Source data
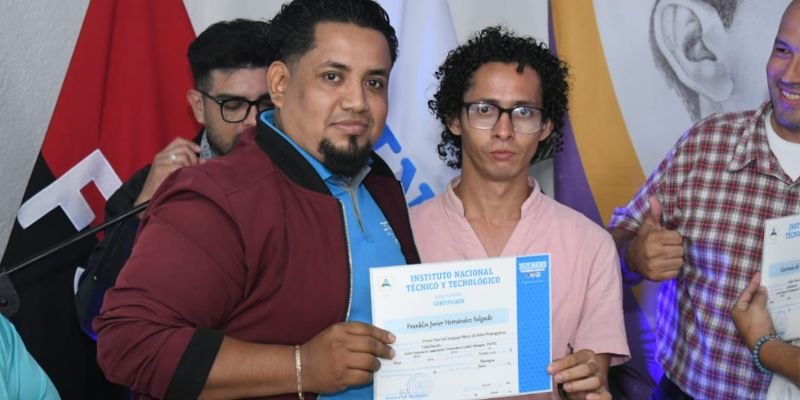 Centro de Capacitación Comandante Carlos celebra su  primer aniversario con un foro y entrega de certificados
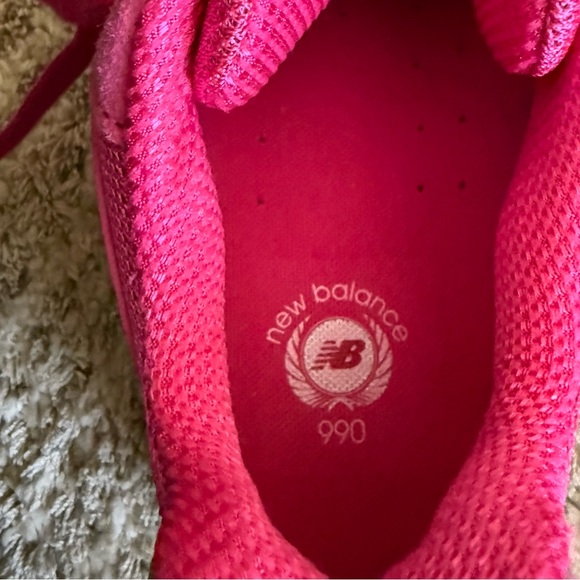 New Balance Women’s 990 Breast Cancer Awareness
Edition in Pink - Size 7.5 - Picture 8 of 9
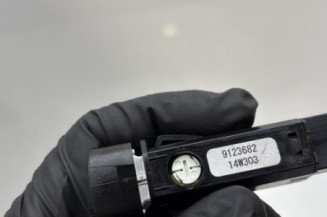 Bouton de warning VOLVO V 40 2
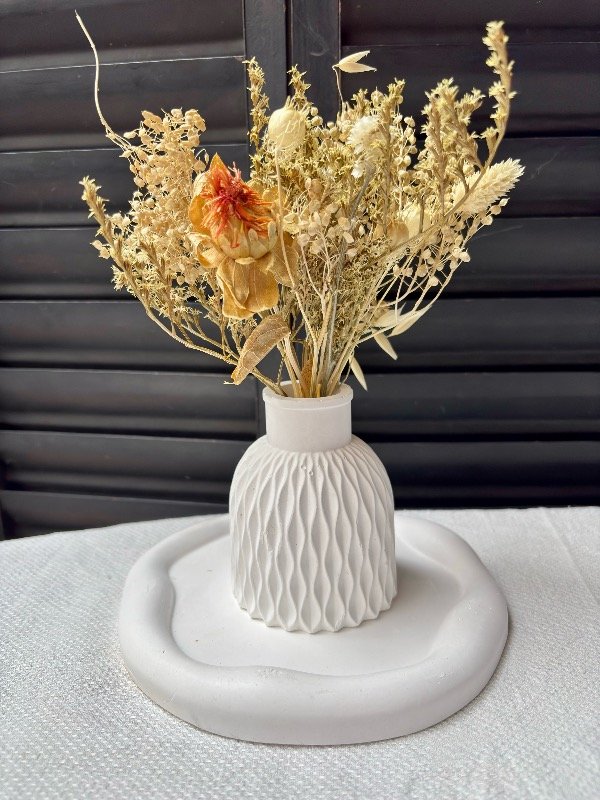 Producto - Florero labrado de yeso + ramito de regalo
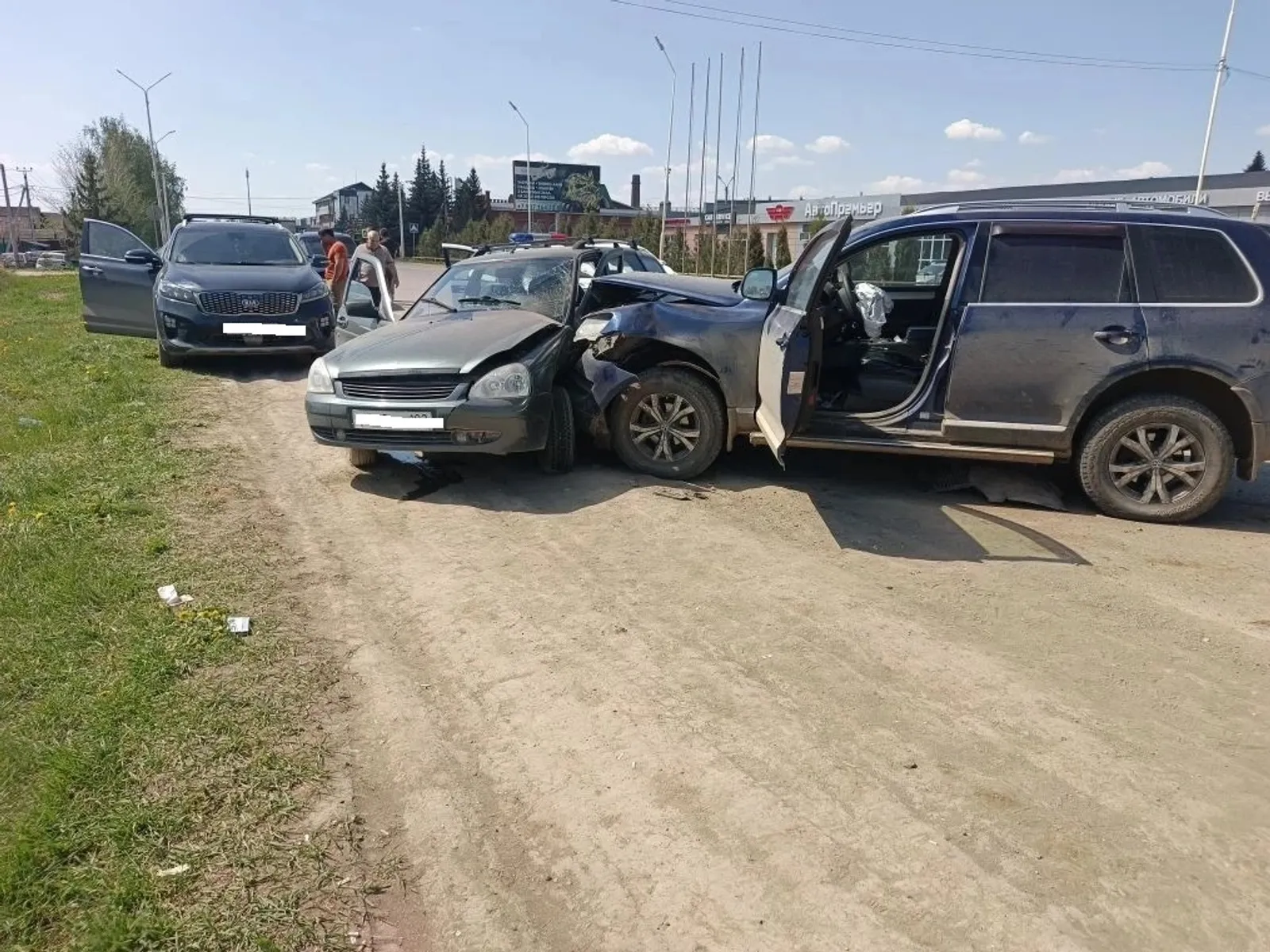 В Туймазах в аварии пострадали два человека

Work order
Please print the span that begins at the line holding "Edition in Pink - Size 7.5 - Picture 8 of 9" and ends at the last line of the data, both ends included, with no pictures.

Task response
Edition in Pink - Size 7.5 - Picture 8 of 9
 Bouton de warning VOLVO V 40 2
 Producto - Florero labrado de yeso + ramito de regalo
 В Туймазах в аварии пострадали два человека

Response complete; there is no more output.